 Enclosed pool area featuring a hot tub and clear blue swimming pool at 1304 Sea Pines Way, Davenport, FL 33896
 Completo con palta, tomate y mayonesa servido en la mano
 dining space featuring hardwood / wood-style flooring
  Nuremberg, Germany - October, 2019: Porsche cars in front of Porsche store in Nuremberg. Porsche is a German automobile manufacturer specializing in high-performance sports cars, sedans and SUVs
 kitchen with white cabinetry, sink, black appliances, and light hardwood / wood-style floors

☆ ☆ ☆ ☆ ☆ ☆ ☆

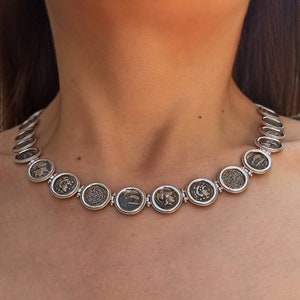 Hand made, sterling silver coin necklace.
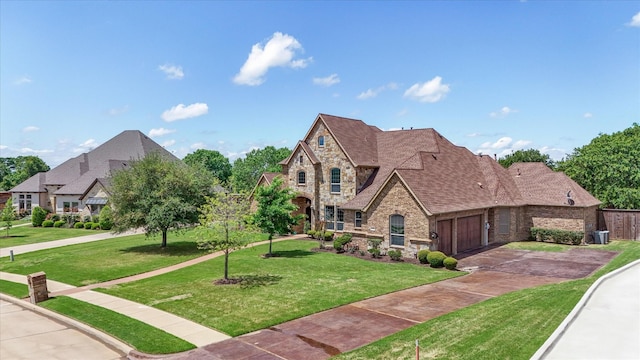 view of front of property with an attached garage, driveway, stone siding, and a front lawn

☆ ☆ ☆ ☆ ☆ ☆ ☆

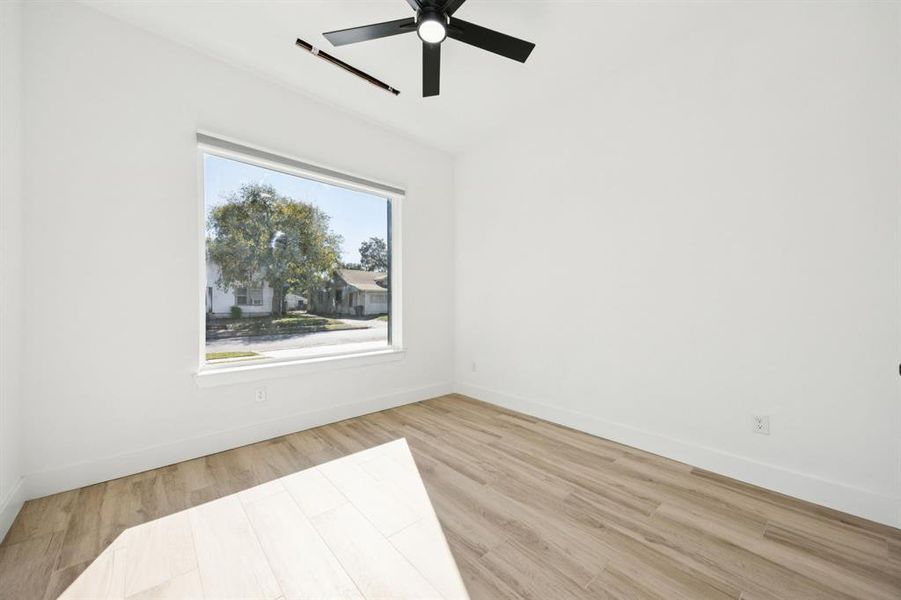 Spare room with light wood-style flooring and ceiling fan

☆ ☆ ☆ ☆ ☆ ☆ ☆

- **Your goal**
For this exercise, please output exactly the lines above starting at the line with "Enclosed pool area" and ending at the line with "Nuremberg, Germany - October, 2019: Porsche", ends included.

- **Answer to this exercise**
 Enclosed pool area featuring a hot tub and clear blue swimming pool at 1304 Sea Pines Way, Davenport, FL 33896
 Completo con palta, tomate y mayonesa servido en la mano
 dining space featuring hardwood / wood-style flooring
  Nuremberg, Germany - October, 2019: Porsche cars in front of Porsche store in Nuremberg. Porsche is a German automobile manufacturer specializing in high-performance sports cars, sedans and SUVs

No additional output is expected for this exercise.